Pour Thérèse Kayikwamba Wagner, la République démocratique du Congo demeure profondément attachée au principe des solutions africaines aux problèmes africains. Ce principe, cependant, ne saurait être invoqué pour justifier la tolérance à l’égard de violations manifestes du droit international ni pour affaiblir les normes qui constituent le socle de l'Union africaine. 

"Dans ce cadre, la RDC encourage le Conseil à envisager des mesures appropriées et dissuasives, y compris des sanctions ciblées à l’encontre des responsables des violations graves, le renforcement des mécanismes d’enquête et de redevabilité, ainsi qu’un appui accru à la protection des civils. À cet égard, la RDC rappelle qu’un précédent clair existe dans la pratique du Conseil : en 2008, face à l’occupation d’une partie du territoire de Djibouti, le Conseil a condamné l’action militaire de l’Érythrée et en a exigé le retrait immédiat et inconditionnel. Ce précédent démontre que le Conseil sait dire le droit et agir avec fermeté lorsque l’intégrité territoriale d’un État membre est en jeu", a fait remarquer Mme Kayikwamba.

Cette réunion consacrée à la situation sécuritaire et humanitaire préoccupante dans l’Est de la République démocratique du Congo intervient dans un contexte marqué par de violents combats sur plusieurs fronts dans les provinces du Nord-Kivu et du Sud-Kivu, opposant les forces gouvernementales à la rébellion de l’AFC/M23, soutenue par le Rwanda. L'UA qui peine à reconnaître l'agression de la RDC par le Rwanda, tient cette réunion quelques semaines après l’entérinement des accords de Washington par les présidents Félix Tshisekedi de la RDC et Paul Kagame du Rwanda, sous les auspices de l’administration Trump.

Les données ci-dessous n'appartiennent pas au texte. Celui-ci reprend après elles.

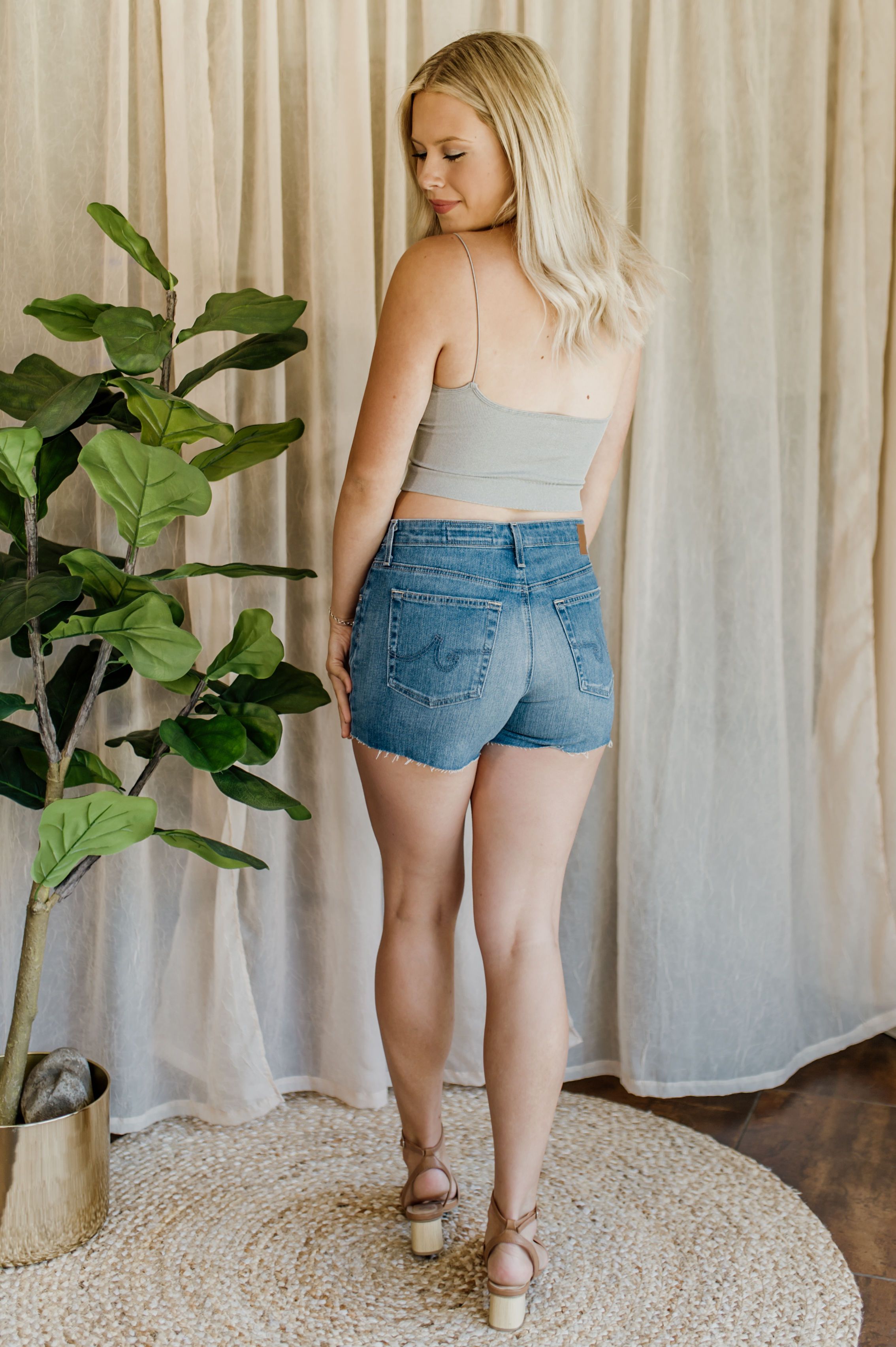 Long cut off on sale shorts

Si le processus de Washington semble avoir connu une accélération formelle avec l’entérinement de ces accords par les deux chefs d’État, en présence du président américain, les discussions de Doha entre Kinshasa et la rébellion de l’AFC/M23, soutenue par le Rwanda, peinent à enregistrer des avancées concrètes. Ces négociations, censées compléter les accords de Washington en abordant les causes profondes du conflit  notamment la restauration de l’autorité de l’État et la réintégration des groupes armés  demeurent, pour l’instant, largement au point mort, sans progrès concret depuis la signature de l’accord-cadre sous l’égide de l’État du Qatar.

Cette inertie a favorisé la reprise de violents affrontements entre l’AFC/M23, appuyée par le Rwanda, et les forces gouvernementales, entraînant l’occupation de la ville d’Uvira, dans la province du Sud-Kivu. Cette prise de contrôle avait suscité de vives condamnations internationales, visant principalement Kigali, notamment de la part des États-Unis. Sous la pression internationale, la rébellion de l’AFC/M23 a annoncé son retrait d’Uvira, affirmant vouloir donner une chance aux processus de paix. Toutefois, quelques jours plus tard, la représentante américaine au Conseil de sécurité des Nations unies a rappelé la nécessité d’un retrait effectif et vérifiable, à une distance d’au moins 75 kilomètres de la ville.